[Web page caption snippets]
====================

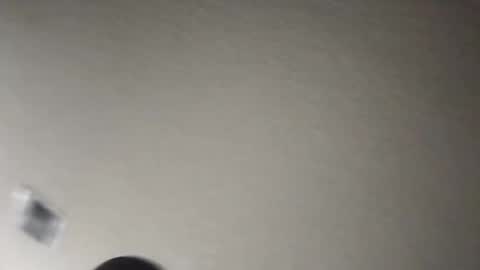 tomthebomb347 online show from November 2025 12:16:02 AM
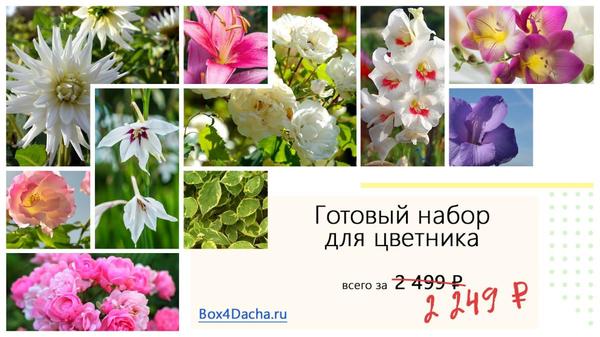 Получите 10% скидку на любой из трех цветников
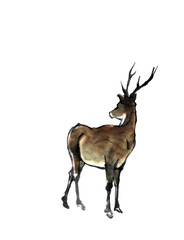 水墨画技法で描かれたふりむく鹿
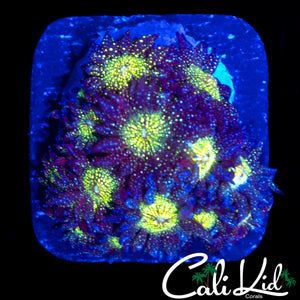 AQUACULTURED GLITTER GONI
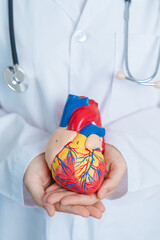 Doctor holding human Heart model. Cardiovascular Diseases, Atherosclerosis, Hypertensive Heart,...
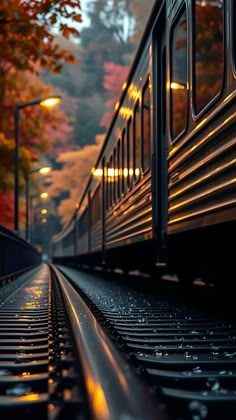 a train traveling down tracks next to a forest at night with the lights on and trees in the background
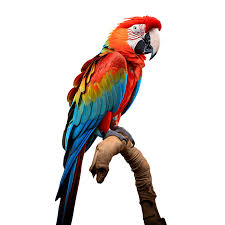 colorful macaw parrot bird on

====================

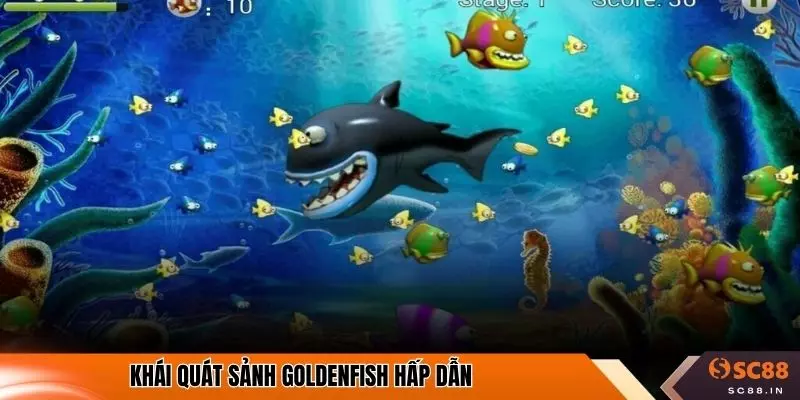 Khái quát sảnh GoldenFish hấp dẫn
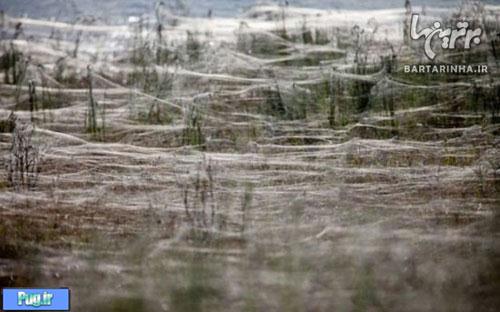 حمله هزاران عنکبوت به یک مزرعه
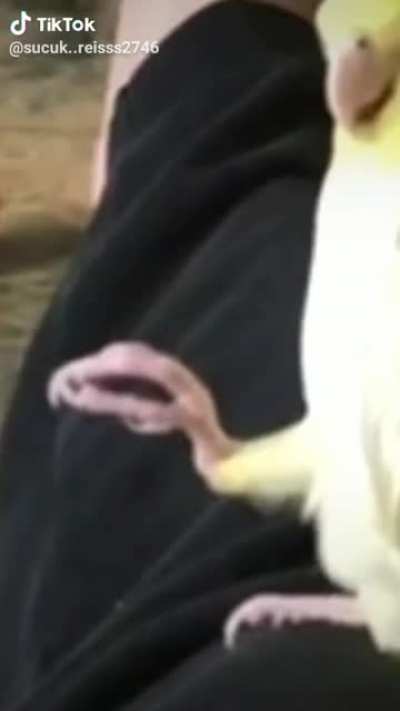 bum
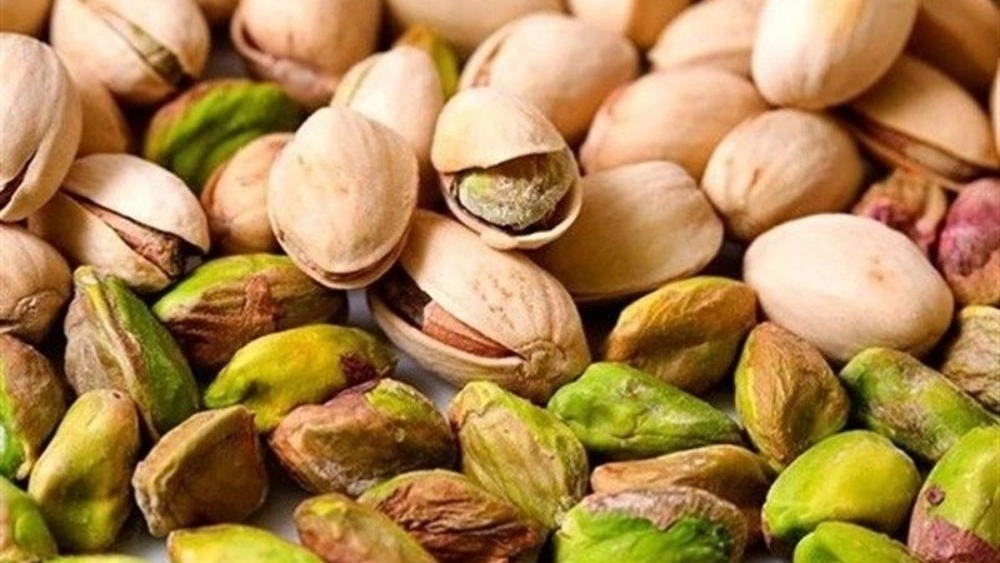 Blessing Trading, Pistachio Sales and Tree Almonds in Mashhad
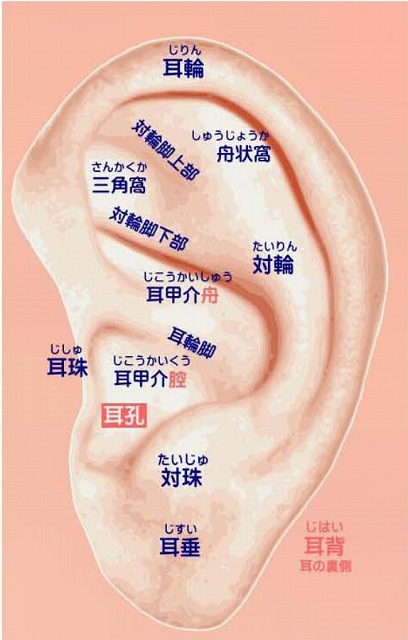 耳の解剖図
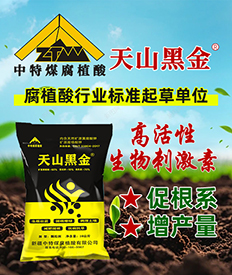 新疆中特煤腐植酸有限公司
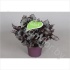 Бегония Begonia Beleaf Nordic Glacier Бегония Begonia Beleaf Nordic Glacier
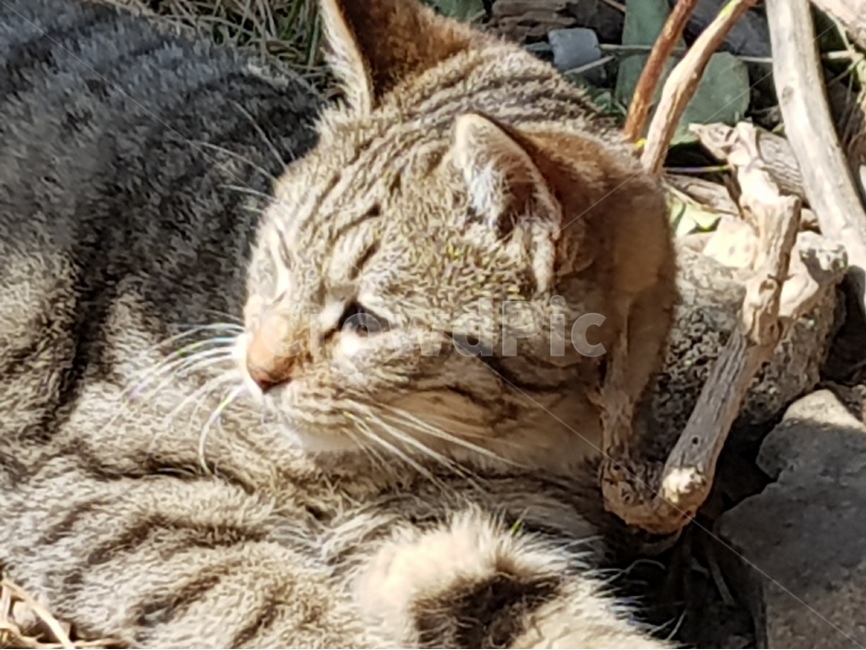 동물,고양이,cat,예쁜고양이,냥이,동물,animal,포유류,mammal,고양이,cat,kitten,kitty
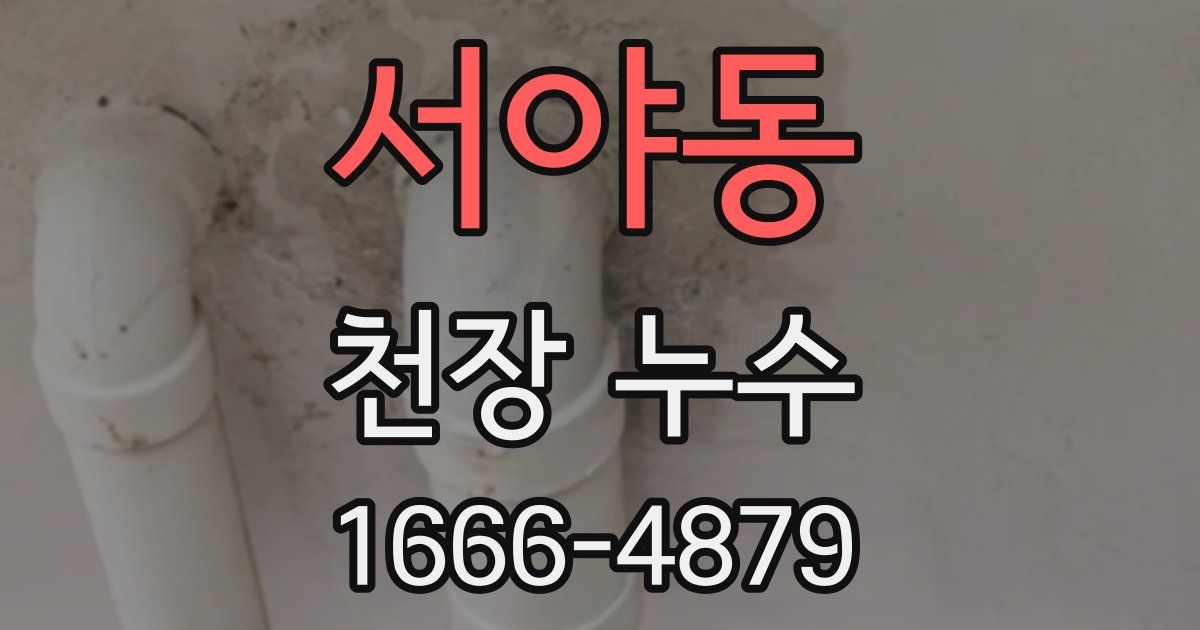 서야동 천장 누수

====================

Beginning with the line above that has "水墨画技法で描かれたふりむく鹿" and going on through the line that has "colorful macaw parrot bird on", retype every line exactly and add nothing else; drop the pictures.

RESULT OF THE EXERCISE:
 水墨画技法で描かれたふりむく鹿
 AQUACULTURED GLITTER GONI
 Doctor holding human Heart model. Cardiovascular Diseases, Atherosclerosis, Hypertensive Heart,...
 a train traveling down tracks next to a forest at night with the lights on and trees in the background
 colorful macaw parrot bird on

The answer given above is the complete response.